As the WSJ reported in a piece on luxury-goods inflation published over the weekend, few products have seen price hikes like Chanel’s small Classic Flap bag – an item that’s practically ubiquitous in places like Manhattan, Milan and London.
The bag cost $5,200 as recently as 2019. But after three price hikes in 2021, the price tag on a new purse has risen to $8,200.
Wall Street analysts are warning that these egregious price hikes (which outpace those from other brands) might risk alienating consumers. And some megafans of the brand who were quoted in the WSJ story agree. While a Chanel spokesperson insisted that the price hikes were intended to offset increases in raw materials costs, brand superfans insist that the brand is actually producing more products of a sub-standard quality, exposing price hikes for what they – in all likelihood – are: cash grabs spurred by expectations of higher prices in the future.
Dee Gables, a novelist who tracks handbag prices “as a hobby” told WSJ she has seen examples of shoddy workmanship in the products displayed inside the company’s boutiques.
“We expect price increases of a couple hundred dollars,” said Dee Gables, a 32-year-old novelist who lives in Clawson, Mich. “But to go up $2,000 in six months upset a lot of Chanel lovers.”
Gables, who tracks handbag prices as a hobby, said the quality hasn’t kept pace with the rising prices. She has seen bags in Chanel boutiques in recent years with crooked pockets, missing stitches and chain straps that don’t lie flat.
And she wasn’t the only Chanel customer who went on the record to complain.

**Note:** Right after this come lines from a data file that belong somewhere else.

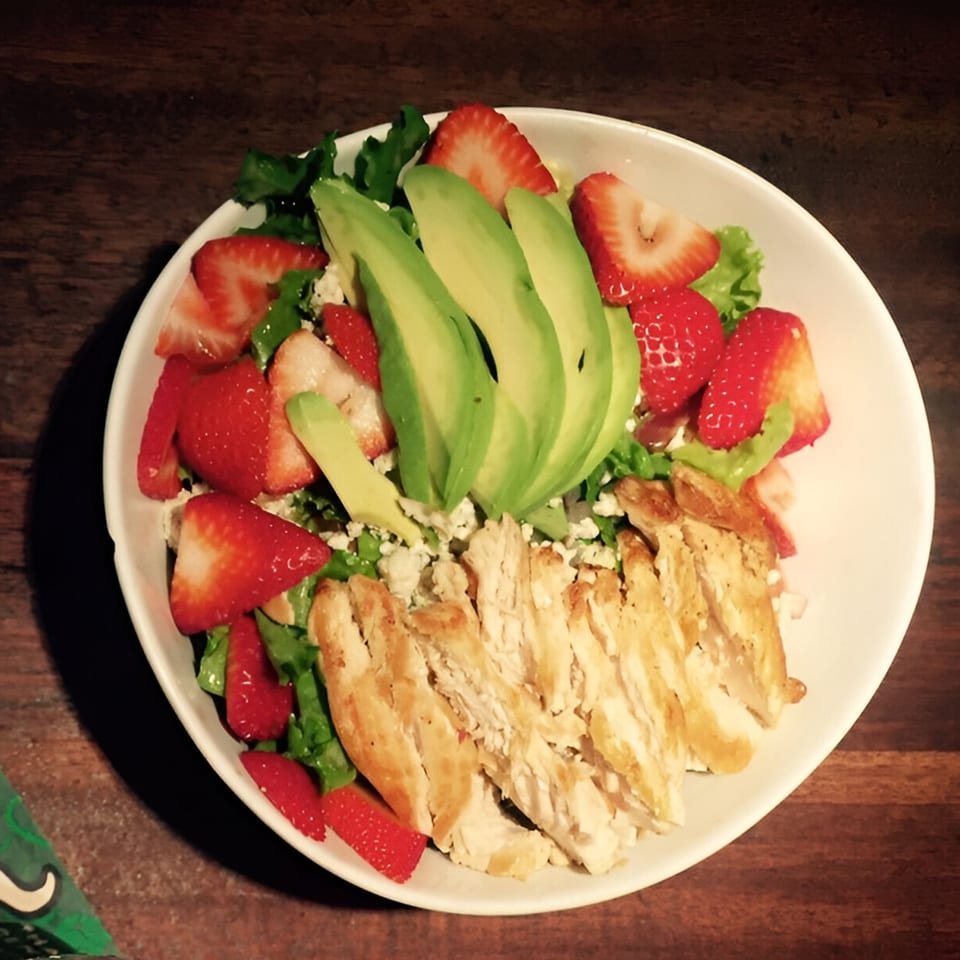 Chicken and strawberry salad with avocado slices and crumbled cheese on a white plate.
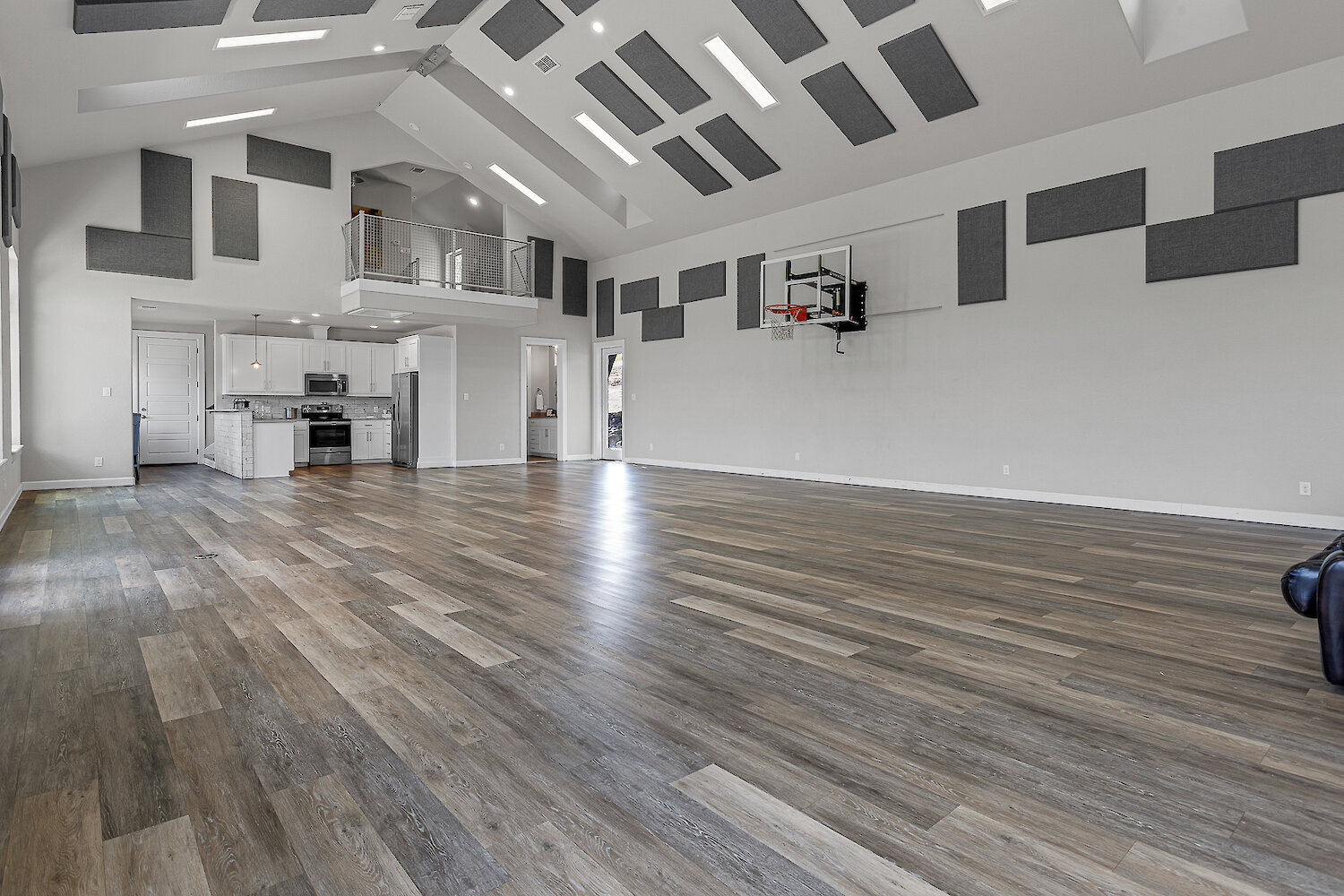 Large indoor multipurpose room with wood-look flooring, high ceilings with acoustic panels, basketball hoop, and open kitchen area.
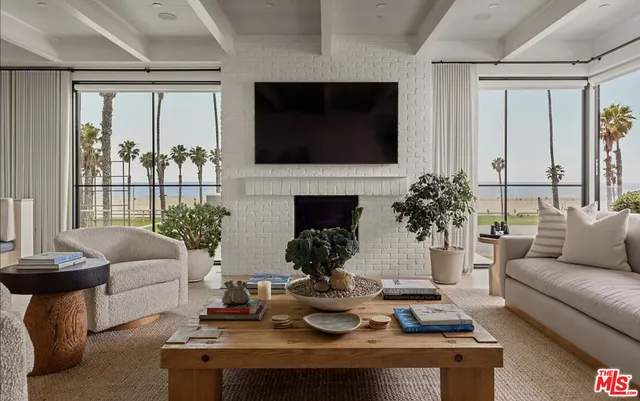 a living room with furniture fireplace and flat screen tv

Imagine spending nearly $10K on a luxury handbag only to have the clasp break a few months later. Does that sound like an effective strategy for customer retention?
Valerie Chan, a 33-year-old financial analyst who lives in Forest Hills, Queens, said the clasp on a Chanel camera case broke a few months after she bought it at one of the brand’s boutiques in 2018. “If you’re going to pay such a high price, the materials and craftsmanship should keep up,” she said. “I understand they need to raise prices to keep up with inflation. But lately their prices seem to be increasing at a more rapid pace.”
But as WSJ exposes in its report, the real reason Chanel has been so aggressive with its price hikes is that it wants to place its bags in the same rarefied territory (metaphorically speaking) as those produced by its archrival, Hermès. So while higher raw materials prices are an excuse for these hikes, they’re not the real reason. And as one purse blogger quoted in the story pointed out, while customers have been grumbling, they’re still buying (even if that means buying second-hand).
Chanel’s new prices put it more in line with Hermès, whose Birkin and Kelly bags have waiting lists despite prices that run into the tens of thousands of dollars. Chanel’s brand is about as strong as Hermès but until recently its bags were less expensive, said Mr. Rambourg, the HSBC analyst.
“As much as some people are upset at Chanel’s price increases, they are still buying,” Ms. Mahoney Dusil said. “As the price goes up, it becomes unattainable for some. But the core customers won’t be priced out.”
As a result, prices on second-hand Chanel goods on popular website therealreal have surged 26% since 2020. By comparison, headline inflation as measured by the CPI rose 7% between December 2021 and December 2022, the highest number in 40 years.